Why on earth would I be hostile to you?

It takes about 6 months or so of bashing and/or trolling to get me riled enough to be hostile. (Then it is tough to get me to stop.)

But you haven't even done one day.

Michael,

Thankyou very much. Some people consider my criticism of some of Rand's pronouncements to be "bashing" (I got kicked off Objectivism Online (aka Rationalist Randroid Central) for that), and also for my criticism of some aspects of her character (which are understandable, given the lonely, isolated battle of ideas she thought, nonetheless these aspects should not be airbrushed in an orgy of philosopher necro-worship). Obviously you are levelheaded enough to differentiate between the philosophy and the philosopher.

Also, I do have some disagreements with Barbara. But I accept PAR is accurate and personally I found it a beautiful, touching, and remarkably understanding book. I do not think blaming Barbara for "defiling Our Lady" (which I don't think PAR did, it did not make out Rand as some demented demon, it simply showed how such great genius is often tortured and loathed.
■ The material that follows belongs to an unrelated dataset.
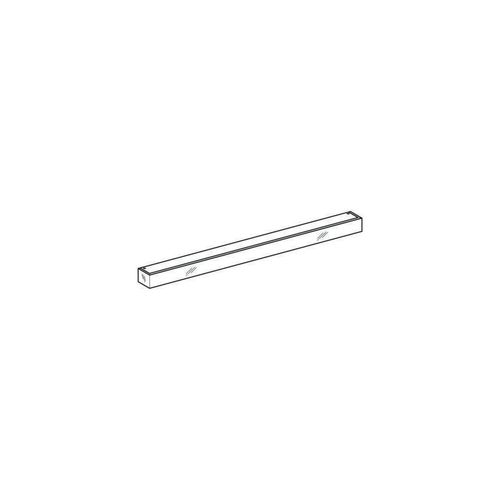 GE Leuchtenabdeckung zu iCon xs Spiegel 840537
After all, the man who discovered fire "was probably burned at the stake he taught his brothers to light." Why do people have such a propensity to kill their saviors?) is either rational or useful. I dont need a flawless Ayn Rand to admire or hero-worship. I just need to look in a mirror to see something I can admire :)

But no, seriously, Im glad you are one of the sane and levelheaded.